Along with the previously discussed work of Erdem (2006), who observed the increasing hydrophobicity of the concentrated milk system during UF using the ANS hydrophobic probe, a number of authors have contributed observations to the area of casein micelle size changes as a result of UF. In highly concentrated UF milk retentate, caseins are allowed to interact over short distances, and this has shown to influence the size distribution of micelles. During UF, the distance between casein micelles was shown to decrease from approximately 120 nm to approximately 10 nm (Walstra and Jenness, 1984). Unfortunately, data relating casein micelle size to the UF process is not consistent across all studies. Some studies reported that casein micelle size appeared to be
Karlsson et al. (2007) reported no observable changes in casein micelle size when UF retentate was observed under TEM, using three different preparation techniques, though it was must be noted that any TEM preparation (and virtually any microscopy preparation) may itself interfere with sample size. Singh (2007), utilizing electron microscopy, reported an increase in micelle size during the course of UF. It was also noted that micellar swelling occurred during DF, an increase in nonmicellar material was observed, and that the non-micellar material appeared to link together intact micelles, which is consistent with the findings of Srilaorkul et al. (1991). Meanwhile, Erdem (2006) observed decreases in micelle size as a result of UF. The most recent study was performed by Martin et al. (2010), who reported that casein micelles were not altered during the manufacture of MPC. This conclusion was reached by applying photon correlation spectroscopy (PCS) using the Cumulant method, also described in Martin et al (2007), to raw skim milks, UF/DF retentates, and concentrated UF/DF retentates. It was observed that differences in micelle size between these materials were less than 3 nm, and that this difference was not significant relative to the accuracy of the measurements.
In addition, it was found that MPC reconstituted in water at 60 °C exhibited micelle sizes in the range of 210 nm to 197 nm within 30 minutes after reconstitution, to 197 nm to 195 nm after 1 h reconstitution, which is similar to size observed in skim milk in the same study and other studies of skim milk casein micelle size (Griffin and Anderson, 1983, Holt et al., 1973).
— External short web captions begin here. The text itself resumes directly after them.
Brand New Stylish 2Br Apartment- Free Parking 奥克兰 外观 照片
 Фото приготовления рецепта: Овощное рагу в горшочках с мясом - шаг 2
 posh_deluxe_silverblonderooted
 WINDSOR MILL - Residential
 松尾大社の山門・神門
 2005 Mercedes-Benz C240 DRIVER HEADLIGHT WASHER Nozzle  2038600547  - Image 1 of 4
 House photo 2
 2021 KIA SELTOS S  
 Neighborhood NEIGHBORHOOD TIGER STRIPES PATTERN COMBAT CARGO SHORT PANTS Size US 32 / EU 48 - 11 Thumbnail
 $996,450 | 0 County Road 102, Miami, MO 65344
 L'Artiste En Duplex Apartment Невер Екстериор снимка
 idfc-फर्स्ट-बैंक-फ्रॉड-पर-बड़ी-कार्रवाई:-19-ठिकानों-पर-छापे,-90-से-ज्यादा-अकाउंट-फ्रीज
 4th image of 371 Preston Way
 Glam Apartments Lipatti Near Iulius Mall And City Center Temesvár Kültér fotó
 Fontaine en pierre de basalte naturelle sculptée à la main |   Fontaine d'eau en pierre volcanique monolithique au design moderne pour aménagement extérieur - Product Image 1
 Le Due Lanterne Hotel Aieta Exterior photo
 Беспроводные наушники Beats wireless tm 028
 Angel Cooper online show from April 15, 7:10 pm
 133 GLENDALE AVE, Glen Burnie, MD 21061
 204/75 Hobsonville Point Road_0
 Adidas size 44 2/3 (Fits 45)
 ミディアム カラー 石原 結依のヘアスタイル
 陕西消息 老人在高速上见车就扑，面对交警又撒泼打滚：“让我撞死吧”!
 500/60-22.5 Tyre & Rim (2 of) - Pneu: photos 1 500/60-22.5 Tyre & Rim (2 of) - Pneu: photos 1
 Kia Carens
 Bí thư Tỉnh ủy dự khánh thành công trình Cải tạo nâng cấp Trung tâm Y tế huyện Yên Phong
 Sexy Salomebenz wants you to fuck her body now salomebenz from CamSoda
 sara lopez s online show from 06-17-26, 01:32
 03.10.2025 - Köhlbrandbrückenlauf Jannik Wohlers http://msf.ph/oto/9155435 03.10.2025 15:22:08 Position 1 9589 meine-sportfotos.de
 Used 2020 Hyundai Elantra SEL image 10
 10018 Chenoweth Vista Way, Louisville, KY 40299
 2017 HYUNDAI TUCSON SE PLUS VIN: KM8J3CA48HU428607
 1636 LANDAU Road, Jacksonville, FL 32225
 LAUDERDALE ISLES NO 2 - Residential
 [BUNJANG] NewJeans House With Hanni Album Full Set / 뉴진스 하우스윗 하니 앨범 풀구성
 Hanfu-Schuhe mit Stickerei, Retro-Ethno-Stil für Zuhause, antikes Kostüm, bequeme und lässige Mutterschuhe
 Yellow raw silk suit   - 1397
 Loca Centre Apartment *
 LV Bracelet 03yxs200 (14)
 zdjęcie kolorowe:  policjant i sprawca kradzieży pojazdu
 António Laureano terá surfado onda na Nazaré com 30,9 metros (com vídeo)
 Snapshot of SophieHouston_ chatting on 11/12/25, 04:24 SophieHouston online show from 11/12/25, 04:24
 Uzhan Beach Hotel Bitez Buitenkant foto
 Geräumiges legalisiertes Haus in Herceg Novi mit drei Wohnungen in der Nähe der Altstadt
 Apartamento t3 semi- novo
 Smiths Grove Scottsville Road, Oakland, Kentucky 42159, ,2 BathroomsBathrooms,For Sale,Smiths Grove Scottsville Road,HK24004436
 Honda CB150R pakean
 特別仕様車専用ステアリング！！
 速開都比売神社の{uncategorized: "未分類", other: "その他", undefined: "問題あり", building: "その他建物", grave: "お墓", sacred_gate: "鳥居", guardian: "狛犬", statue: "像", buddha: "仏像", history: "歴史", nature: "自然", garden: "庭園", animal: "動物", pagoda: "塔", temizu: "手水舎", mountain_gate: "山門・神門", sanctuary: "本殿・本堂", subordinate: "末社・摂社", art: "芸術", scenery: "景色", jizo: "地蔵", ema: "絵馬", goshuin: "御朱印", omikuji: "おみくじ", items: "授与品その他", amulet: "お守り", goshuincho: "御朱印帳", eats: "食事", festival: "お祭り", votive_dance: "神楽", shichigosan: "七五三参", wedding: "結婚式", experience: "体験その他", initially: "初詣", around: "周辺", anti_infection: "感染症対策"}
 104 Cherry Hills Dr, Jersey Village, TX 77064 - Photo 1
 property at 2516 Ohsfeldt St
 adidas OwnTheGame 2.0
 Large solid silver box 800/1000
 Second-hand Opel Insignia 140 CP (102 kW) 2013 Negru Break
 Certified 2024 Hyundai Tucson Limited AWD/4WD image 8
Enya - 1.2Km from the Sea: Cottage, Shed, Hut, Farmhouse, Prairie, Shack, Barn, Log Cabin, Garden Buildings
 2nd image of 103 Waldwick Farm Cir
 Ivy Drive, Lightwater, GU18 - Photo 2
These results show that, in the determination of submicron particle sizes, PCS methods and other light-scattering techniques may be advantageous over microscopy methods because they do not require a sample preparation step that may alter sample
properties, and future work would benefit from the application of PCS to the study of ultrafiltered skim milk for this reason. The results of Martin et al. (2010), obtained by PCS methods, were consistent with those obtained through TEM by Karlsson et al.
(2007) using three different sample preparation steps. Both studies were also consistent with (McKenna, 2000), who utilized electron microscopy and reported no change in casein micelle size distribution under conditions of UF. This body of work is also in agreement with the work of Montero (2010), who utilized dynamic light scattering (DLS) to observe the size of casein micelles at conditions up to 5X UF and noted no statistically significant difference in the size of casein micelles. Despite the earlier microscopy-based work of (Walstra and Jenness, 1984) and Singh (2007), the general agreement of PCS, TEM, and DLS methods indicates that casein micelle size is probably not affected to a significant degree as a result of UF. It is clear from the above research that microscopy-based methods alone, with the possible exception of TEM, cannot be used to draw accurate conclusions about the effect of UF on casein micelle size.